Legislators began hearings on the two-bill package Wednesday, with both houses likely voting Thursday. Approval by a two-thirds majority is needed, though by no means assured.
Under AB 398, the California Air Resources Board, already among the most powerful entities in the state, gains greater power to help the state reach its 2030 goals (greenhouse gas emissions 40 percent below 1990 levels).
To entice businesses, it will also continue a sales tax exemption on new emission-control equipment for manufacturers – a smart step under any circumstances. A provision intended to gain oil industry support would take the authority over greenhouse gas emissions away from local air districts. That’s one of several provisions environmentalists hate.
To win support from urban Democrats, AB 617 seeks to clean the air in the worst basins – like ours. It would increase monitoring (a step we endorse) and impose stricter penalties on polluters. It would expand annual reporting requirements to stationary sources of pollution (factories) and require local air boards to publish data on their websites. It also requires the state to reimburse some “mandated” costs.
To gain Republican support, Brown wants to suspend a tax he pushed in 2011 on people living in forested areas to help pay for firefighting and suppression.
One issue left unexplained was how to offset costs paid by lower-income Californians. Cap-and-trade adds about 11 cents to the price of a gallon of gas (on top of California’s cleaner formulation, road taxes, etc.), and that’s likely to go up eventually. Who gets hurt the most by such fees? Commuters, farmers and workers who drive older (less fuel efficient) vehicles to get to jobs often far from their homes. Sounds like a lot of people we know.

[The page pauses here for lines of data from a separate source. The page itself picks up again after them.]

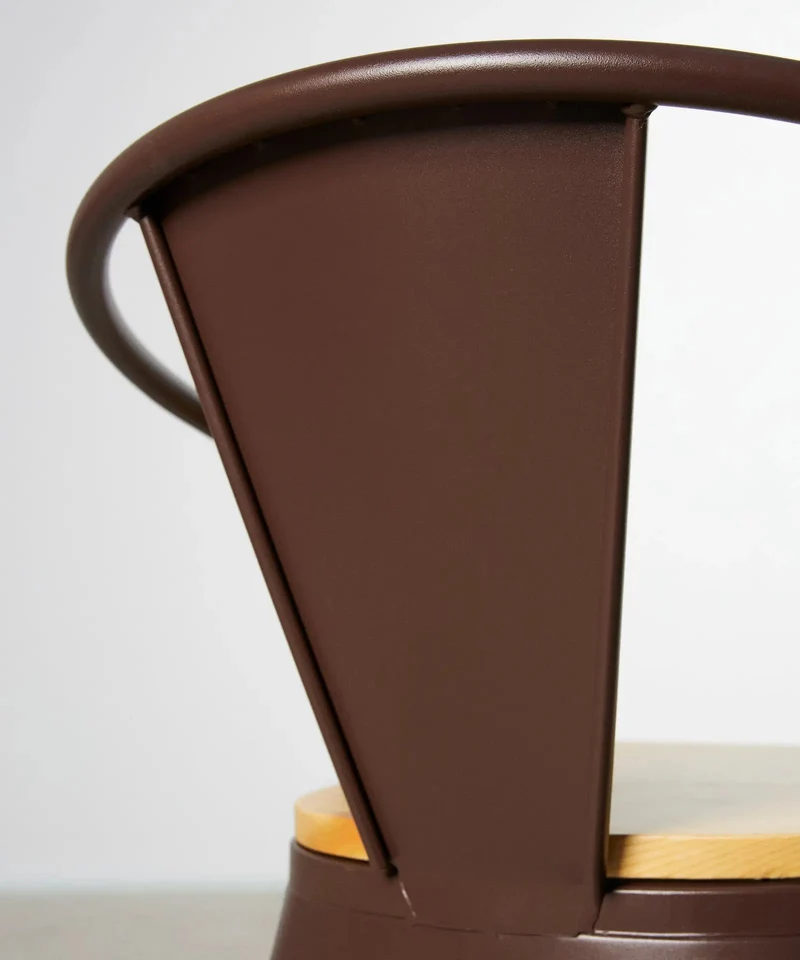Silla de Comedor de Metal y Madera Tolik Wood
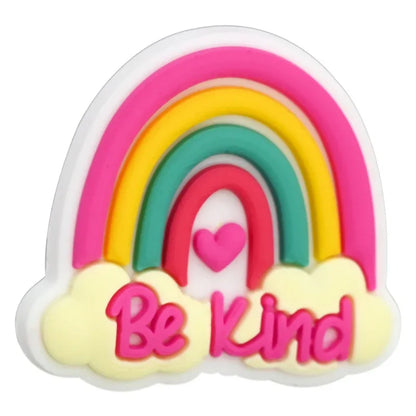 English Phrase Series Cartoon Silicone Focal Beads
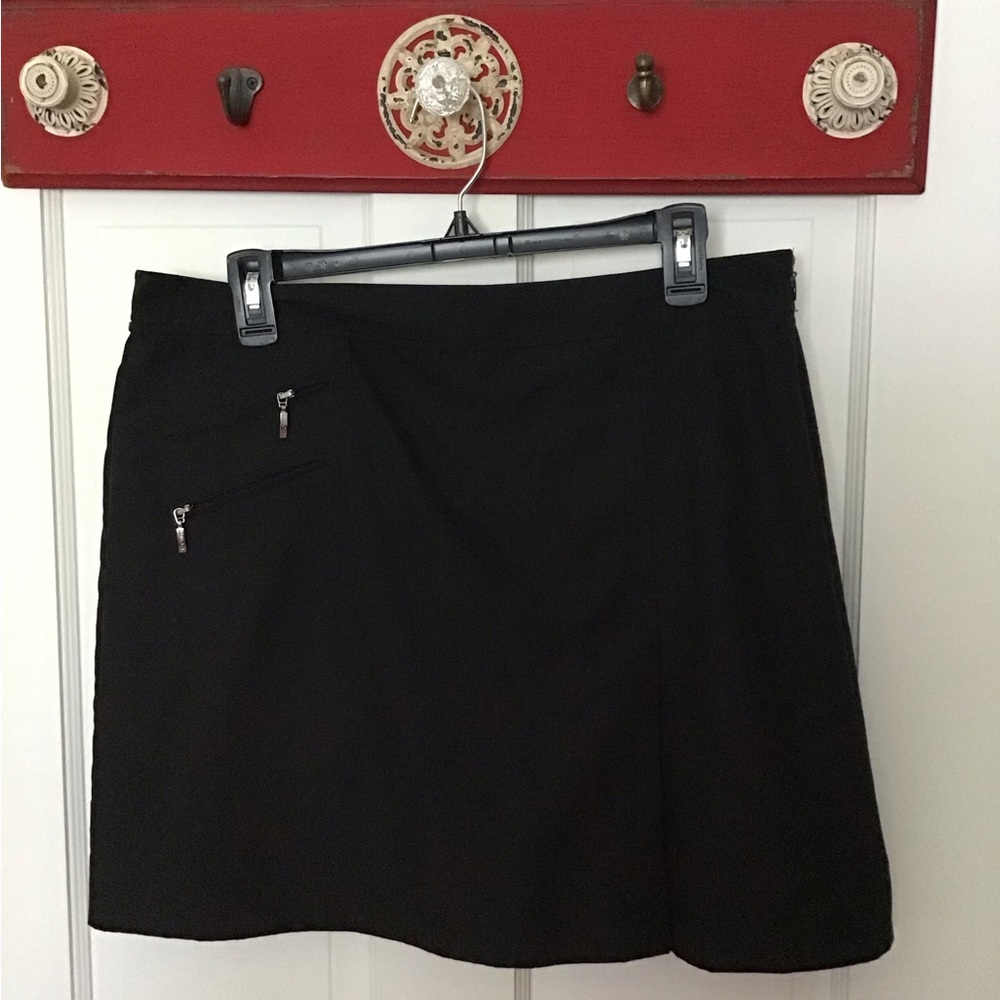 Black A-Line Skorts Casual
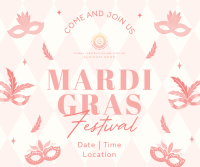 Mardi Gras Festival Facebook post Image Preview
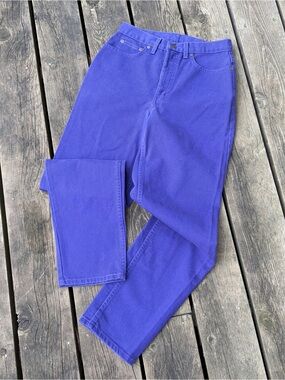 NEWPORT NEWS Jeans Rare Vintage JEANOLOGY High Rise Cotton Purple Size 8 Small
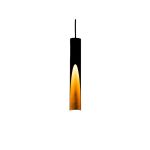 Eglo Pendellampa Barbotto Stål Svart, Guld 4.5W 345lm - 830 Varm Vit | Passande för GU10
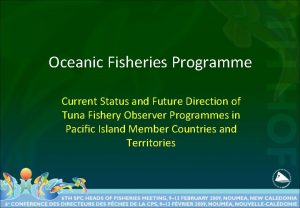 Oceanic Fisheries Programme Current Status and Future Direction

Reductions attributed to the “cap” piece of the program have been minimal, but the “trade” part has provided $4 billion for the state. As we have suggested before, we’d like to see a portion of the cap-and-trade money returned to those most impacted. A Valley bonus for helping low-income residents buy more fuel-efficient vehicles. Grants for developing more robust transit opportunities using cleaner engines.
Some 60 percent of trade revenues are earmarked for transit, housing and high-speed rail.
Many people around here don’t like the “crazy train,” but we believe in it. Making commutes to the Bay Area more convenient – which it will do – is a good idea. If the governor doesn’t have the train on the right track before leaving office, it could well be derailed.
In Brown’s proposal, no one gets everything, and everyone gets something. That’s called compromise. It’s also called progress.